Vol. 8 No. 7
Pick Hits
Collect It
Topps Spider-Man Movie Cards
Spidey is swinging his way to the motion picture screen this May, and Topps is
bringing all the amazing web-slinging, wall-crawling excitement to a deluxe
90-card series. Story cards capture each thrilling scene with spectacular, heart
stomping images straight from the film. The non-stop action continues with a
gallery of stunning portrait photos with in-depth bios of all the major
characters. A special behind-the-scenes subset completes the series with
revealing candid photos from the Spider-Man movie set, plus there are four
levels of innovative inserts. With 7 cards per pack, 24 packs per box, these are
going to be extremely hot cards to collect.
At The Movies
Super Troopers
A tale of four fun-loving Vermont State Troopers
stationed in the boondocks near the Canadian border. When the word comes down
that their low-volume area may face budget cuts, they try to improve things,
with things kicking in gear when they discover a possible drug smuggling
operation. Brian Cox, whom we're used to seeing in much more
distinguished or, at the very least, edgier efforts, is remarkably game as the
troopers' gruff, put-upon professional patriarch. And Marisa Coughlan is
suitably bright-eyed, bushy-tailed, and sensible as the one local constabulary
member who has some sympathy for the state-sponsored goofballs. Anyone will
laugh themselves silly over it if you still retain a soft spot for precollegiate
humor.
On Video
Hearts In Atlantis
Anthony Hopkins turns in another one of his
classy performances as a strange man who enters the life of an 11-year-old boy
in the summer of 1962. Young Bobby lives with his widowed mother in a boarding
house in a small Connecticut town when Ted Brautigan (Hopkins) rents a room
upstairs. Ted has psychic powers, of sorts, and also claims that nasty men are
after him because of it. He pays Bobby a dollar a week to keep an eye out for
the men, and to read the daily newspaper to him. In short order Ted becomes a
hero to Bobby as the older man teaches him how to look at the world in new and
exciting ways. But trouble brews. There's bigotry, betrayal and nastiness in the
town, and the only one who can offer any help is the strange man upstairs. Told
in flashbacks by a grown-up Bobby, this film is based on a pair of Stephen
King stories.
The Buzz...
The fantasy epic The Lord of the Rings: The
Fellowship of the Ring led the Oscar field with 13 nominations including best
picture, director and supporting actor. Other best-picture nominees were A
Beautiful Mind, the class-war satire and murder mystery Gosford Park; In the
Bedroom, and Moulin Rouge.
The six actors of NBC's comedy Friends will
reportedly make $24 million each to return for a ninth and final season.
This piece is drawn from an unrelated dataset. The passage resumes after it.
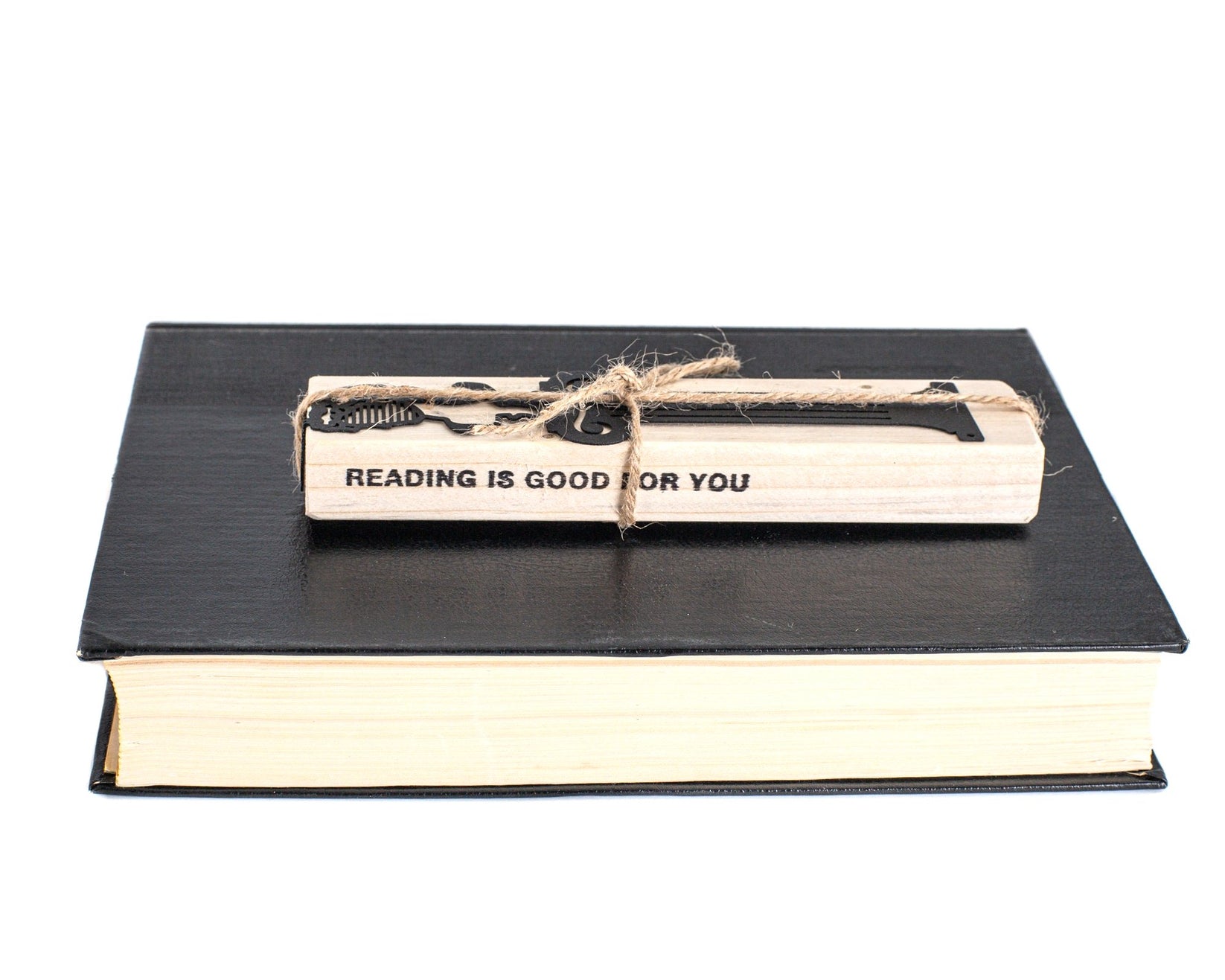 Bookmark "Bust to a Famous Reader". - Atelier Article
An engineer from San Jose has invented a Time
Machine that enables television stations to compress their programs to fit in
more commercials. It works by going through a program frame-by-frame, and when
two identical frames appear side-by-side, one is removed. Usually, this can be
done enough in a 22-minute program (the actual length of most sitcoms without
commercials), to add 30 seconds of time.
A movie about the unfolding
scandal surrounding bankrupt energy trader Enron is in development for cable
channel FX.
Two Harvard seniors were accused of embezzling about
$91,000 from the Hasty Pudding Theatricals group for drugs, a party and
entertainment equipment. Prosecutors said the two used club credit and debit
cards to transfer money to their bank accounts.
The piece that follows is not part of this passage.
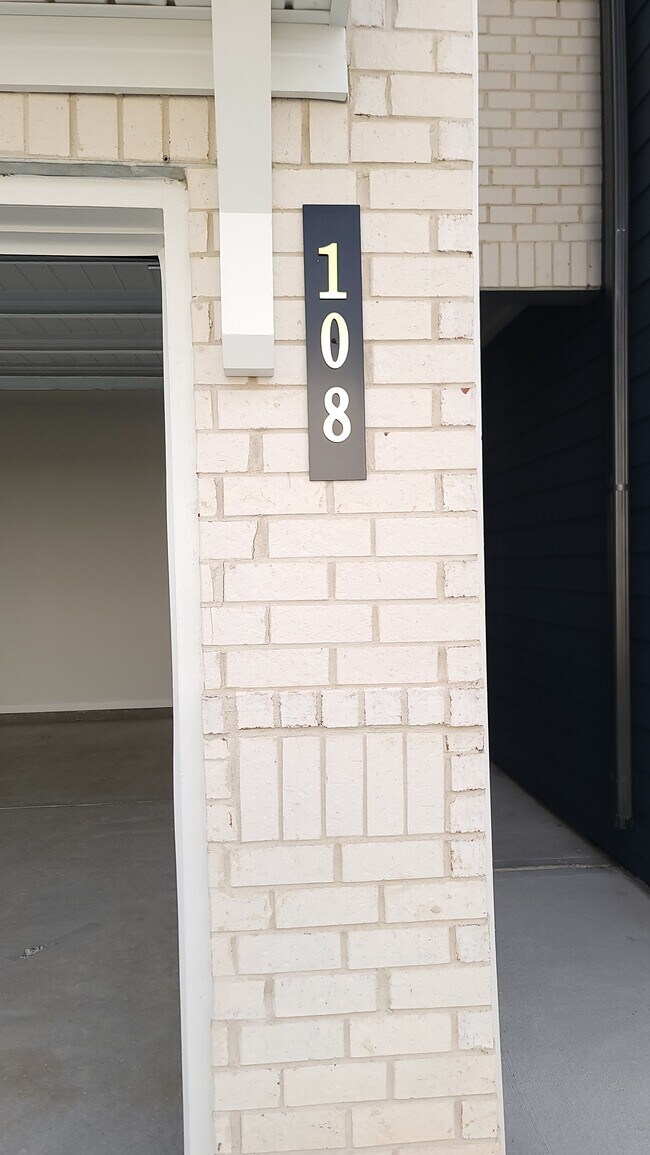 Building Photo - 108 Founders Dr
Freddy Got Fingered, Tom Green's gross-out
directorial debut picked up eight nominations for the 22nd Annual Razzie Awards,
which single out the most awful movies of the year. Green's film will compete
for Worst Picture dis-honors against Mariah Careys Glitter, Sylvester
Stallones race-car lemon Driven, Kevin Costner and Kurt Russell's
ultra-violent Elvis caper 3000 Miles to Graceland and the not-quite-epic war
flick Pearl Harbor.
MSNBC has enlisted former Twisted Sister
frontman Dee Snider to become the cable news network's official voiceover
guy. The singer has been working for MSNBC since November, lending his vocals to
promos for the likes of Brian Williams, Alan Keyes and Ashleigh
Banfield.
Chicago police are investigating whether R&B singer
R. Kelly had sex with an underage girl and videotaped it. The nearly
27-minute tape was sent anonymously to the Chicago Sun-Times last week. Kelly is
scheduled to perform at the Winter Olympics tonight in Salt Lake City.
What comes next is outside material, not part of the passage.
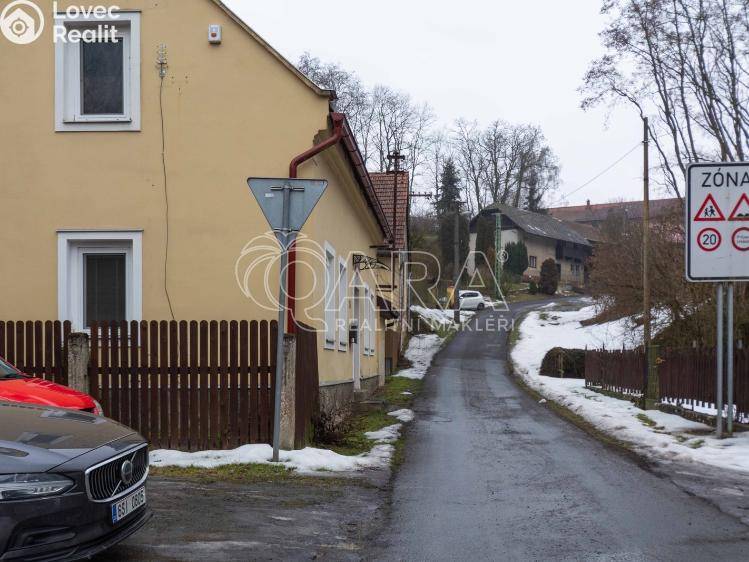 Sale family house Chorušice č. 36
The WB officially confirmed that Felicity is not
coming back for another season. The show will wrap up May 22 with a two-hour
graduation series finale.
Korn, Papa Roach, Roger Waters, Alanis Morissette,
and No Doubt are among the acts that will perform at the Caracas Pop
Festival II, scheduled for March 13th through 17th in Venezuela.
|
VIN DIESEL AND JA RULE
HOLLYWOOD'S NEXT DYNAMIC DUO? |
Ja Rule has stated he and Vin Diesel
are hoping to be Hollywood's next dynamic duo. They are committed to doing two
more movies together, The Fast and the Furious 2 and Riddick. Diesel is
currently the front-runner to occupy the slot left by aging action heroes.
Columbia Records will release a compilation CD
titled WWF Forced Entry on March 26th that will feature previously tracks by
Limp Bizkit, Creed, Marilyn Manson, Dope, Sevendust, Stereomud, Disturbed, Union
Underground, Breaking Point, Finger Eleven, Monster Magnet, Rob Zombie, and
others. Kid Rock is covering Legs by ZZ Top for the album.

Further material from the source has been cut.